**EXERCISE BRIEF:** Using the data that follows, output only the lines from the line with "Armani Exchange men" up to and including the line with "Little Champ Thank You Invitation (Front)", exactly, leaving pictures aside.

Brief descriptive captions
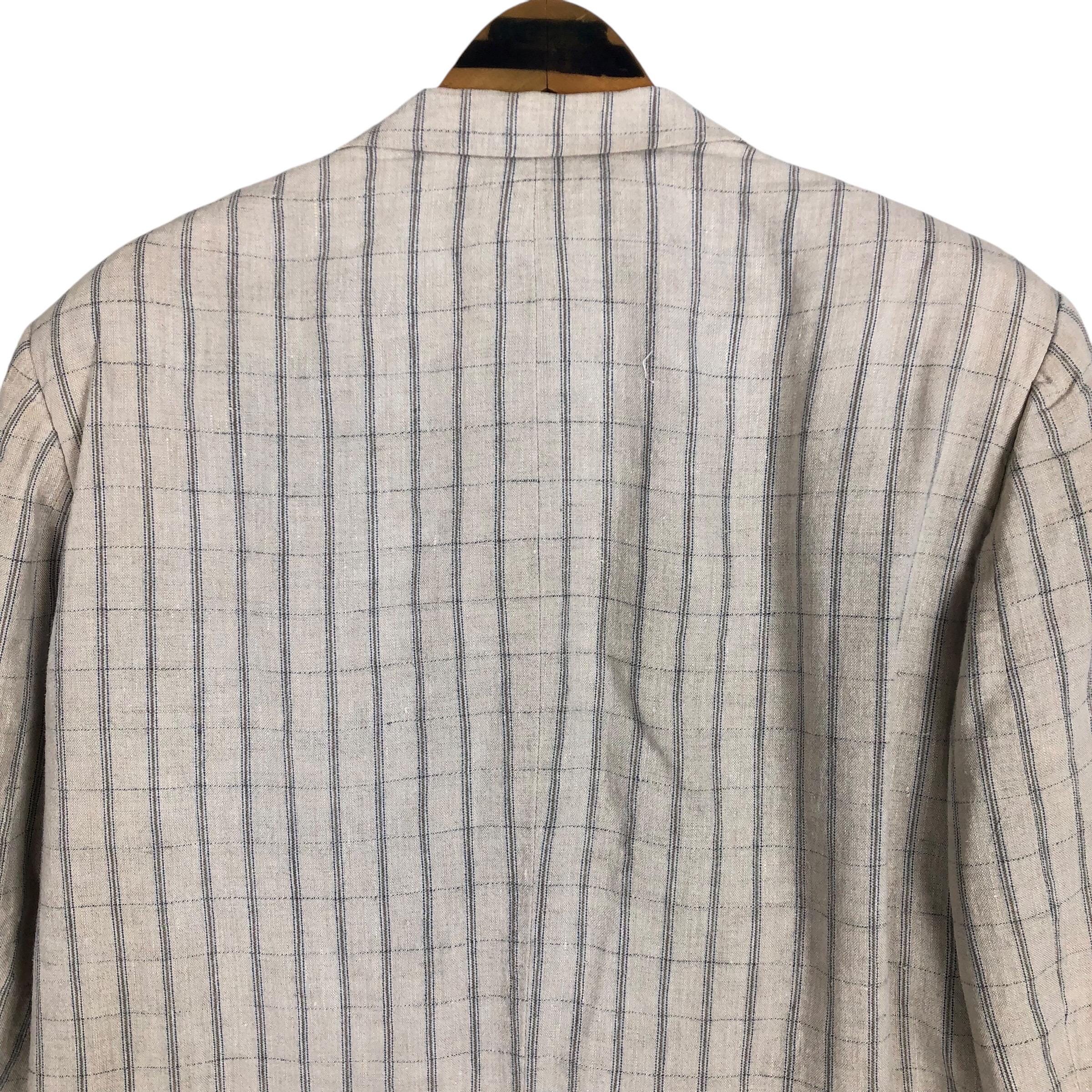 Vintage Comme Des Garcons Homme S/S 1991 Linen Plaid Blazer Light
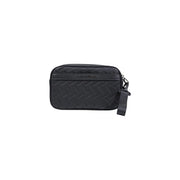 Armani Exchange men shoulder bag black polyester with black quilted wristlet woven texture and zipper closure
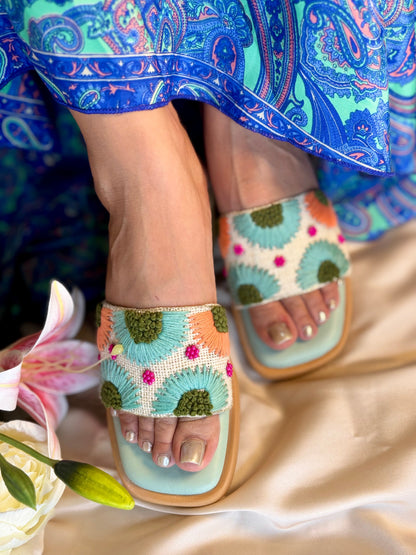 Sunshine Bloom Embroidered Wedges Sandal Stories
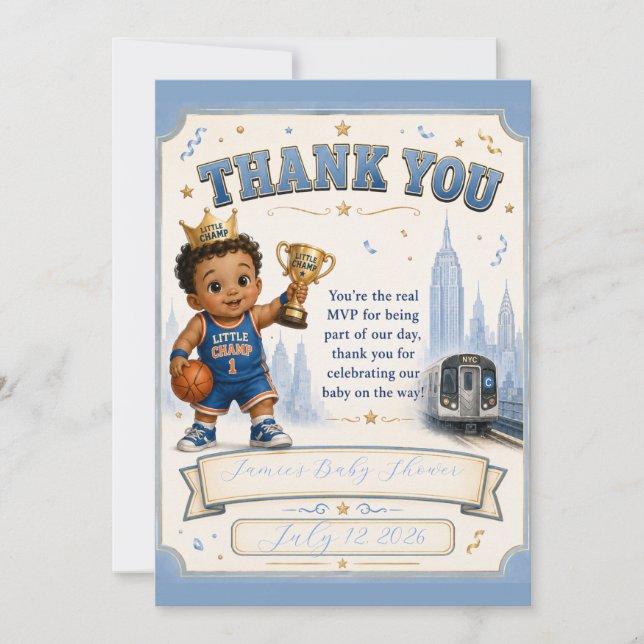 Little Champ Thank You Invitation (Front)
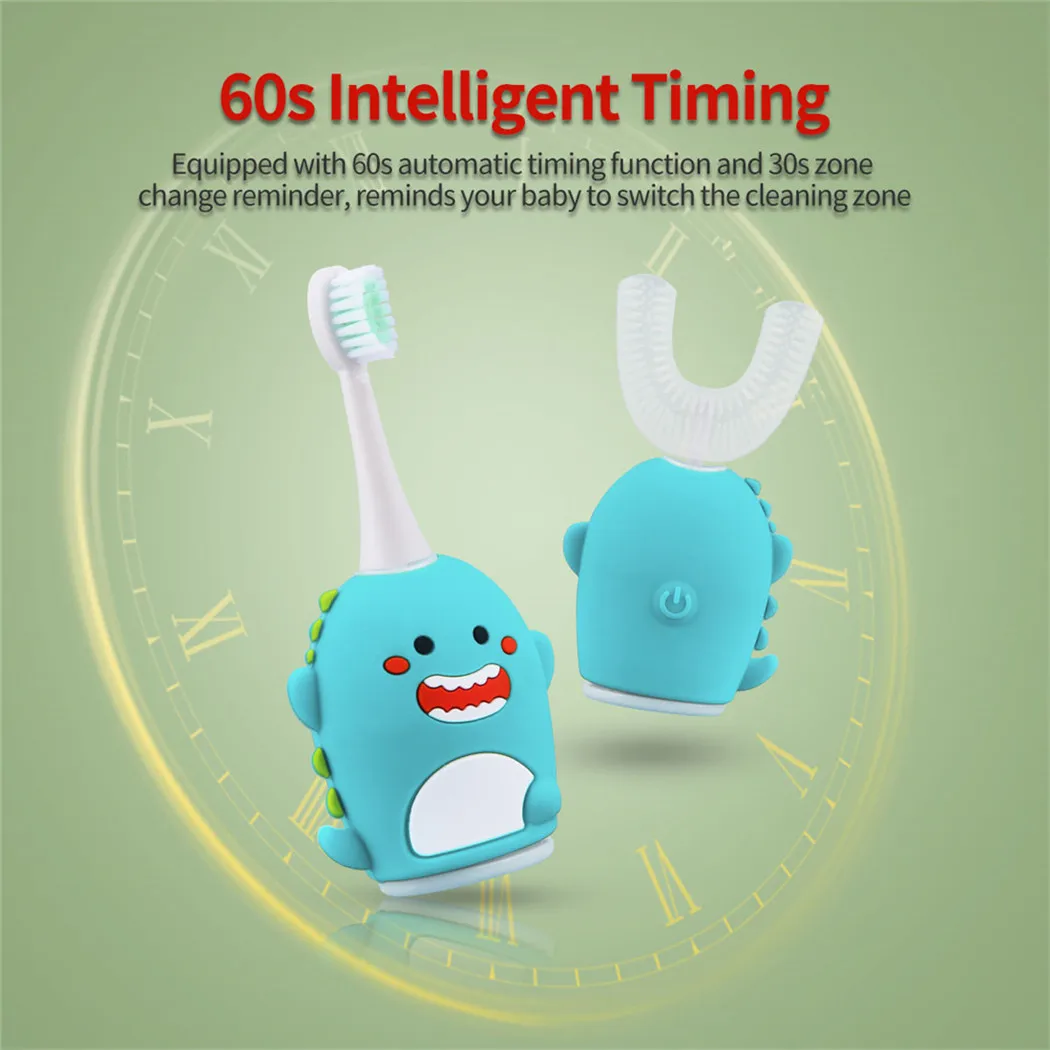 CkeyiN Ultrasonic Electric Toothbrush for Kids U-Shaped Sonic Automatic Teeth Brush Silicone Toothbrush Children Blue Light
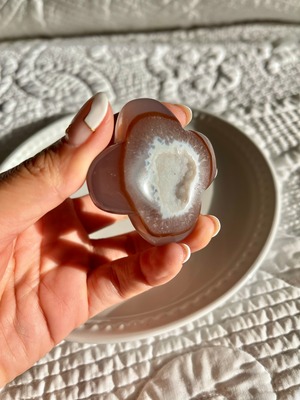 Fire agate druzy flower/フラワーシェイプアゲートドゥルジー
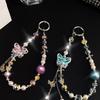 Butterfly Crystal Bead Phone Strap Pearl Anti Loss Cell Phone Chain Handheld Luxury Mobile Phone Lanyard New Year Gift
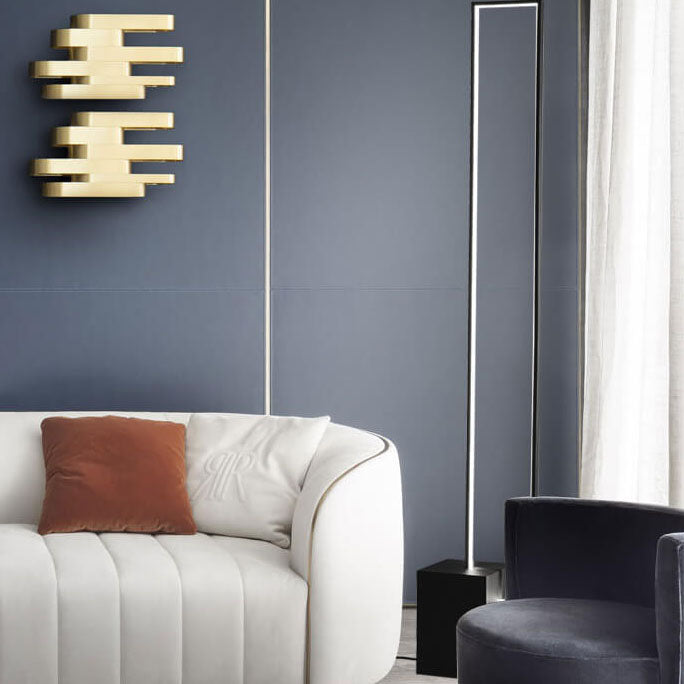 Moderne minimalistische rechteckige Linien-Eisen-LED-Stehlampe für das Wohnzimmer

**TASK RESPONSE:**
 Armani Exchange men shoulder bag black polyester with black quilted wristlet woven texture and zipper closure
 Sunshine Bloom Embroidered Wedges Sandal Stories
 Little Champ Thank You Invitation (Front)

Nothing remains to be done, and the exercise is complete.